_PROVIDED MATERIAL_
☆ ☆ ☆ ☆
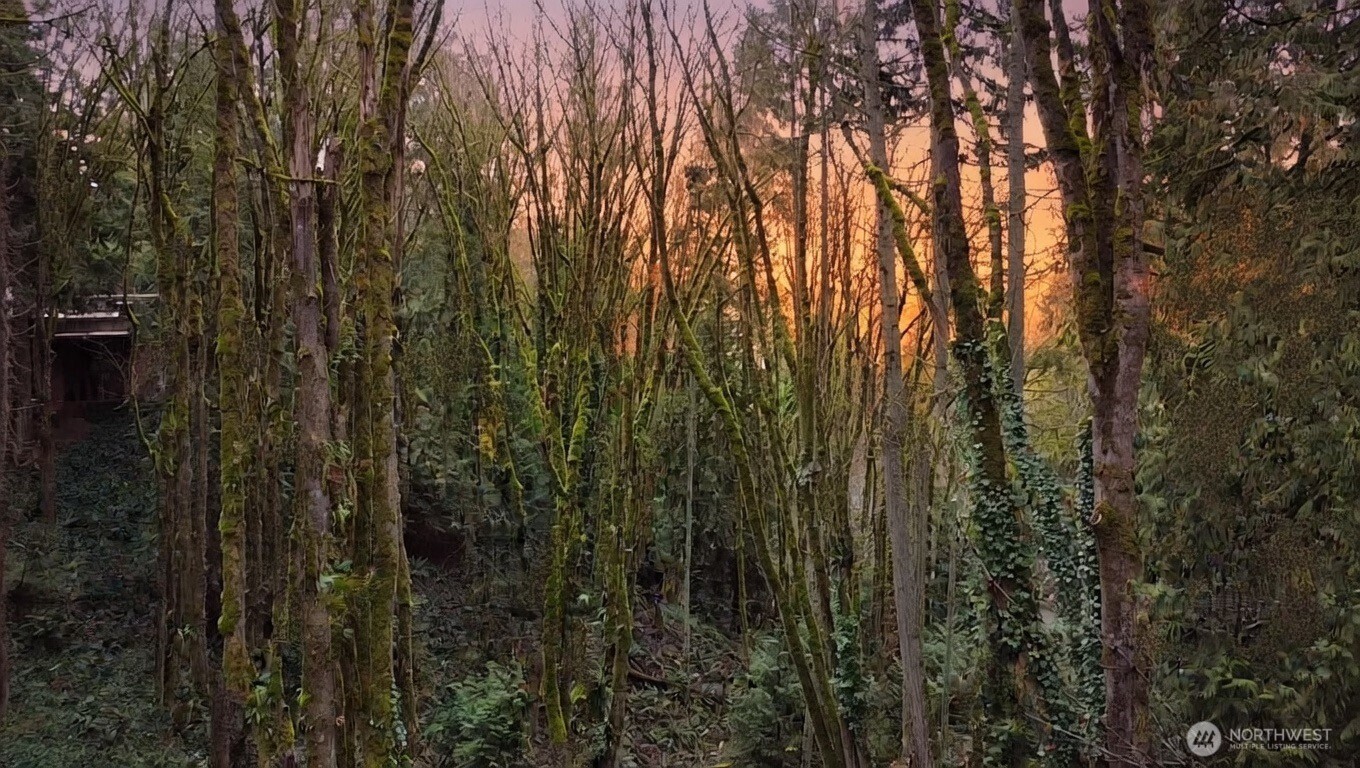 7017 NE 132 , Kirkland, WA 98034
☆ ☆ ☆ ☆
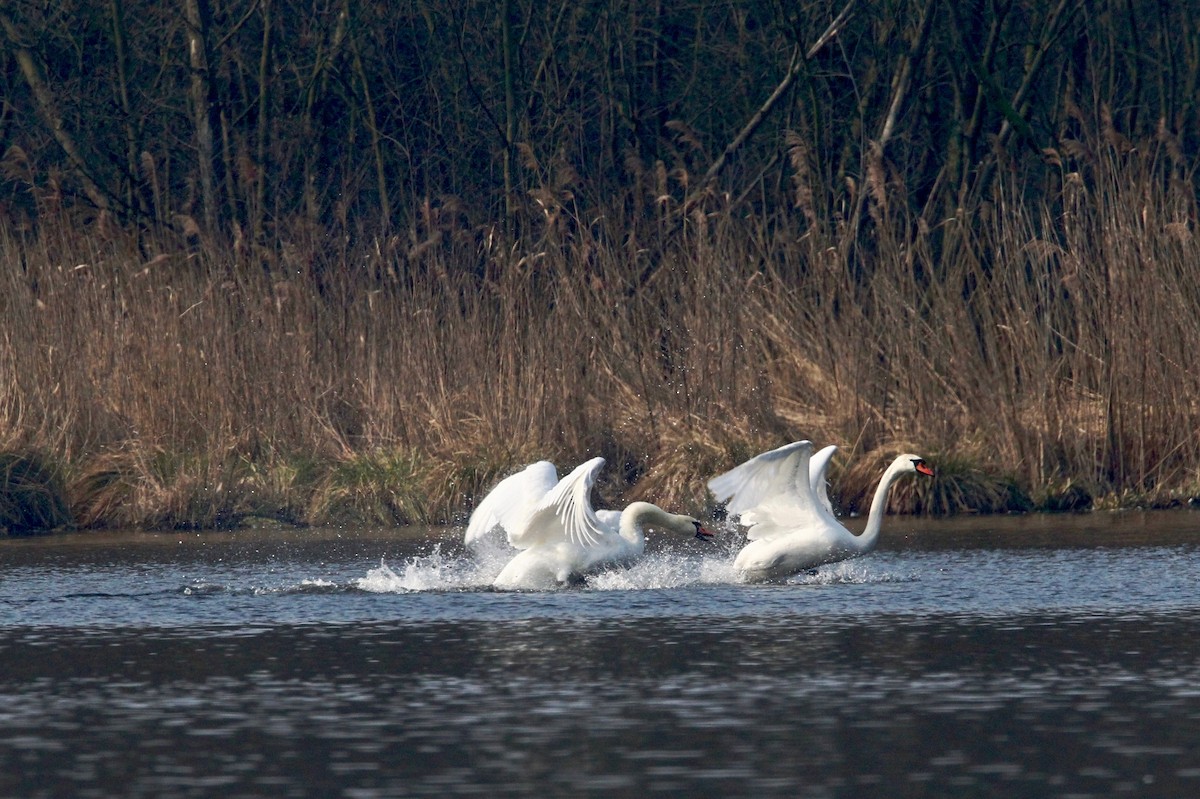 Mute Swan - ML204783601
☆ ☆ ☆ ☆
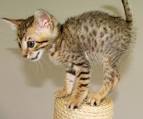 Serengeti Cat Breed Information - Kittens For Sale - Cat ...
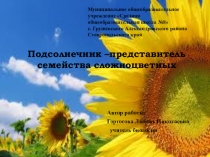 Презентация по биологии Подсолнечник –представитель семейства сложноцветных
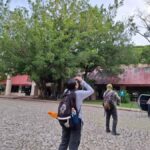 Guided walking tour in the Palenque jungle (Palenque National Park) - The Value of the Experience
☆ ☆ ☆ ☆
_WHAT THE TASK ASKS_
Going by the data above, the answer is exactly the lines from the one holding "Serengeti Cat Breed" to the one holding "Guided walking tour", both kept, with the pictures left out.

_TASK RESULT_
 Serengeti Cat Breed Information - Kittens For Sale - Cat ...
 Презентация по биологии Подсолнечник –представитель семейства сложноцветных
 Guided walking tour in the Palenque jungle (Palenque National Park) - The Value of the Experience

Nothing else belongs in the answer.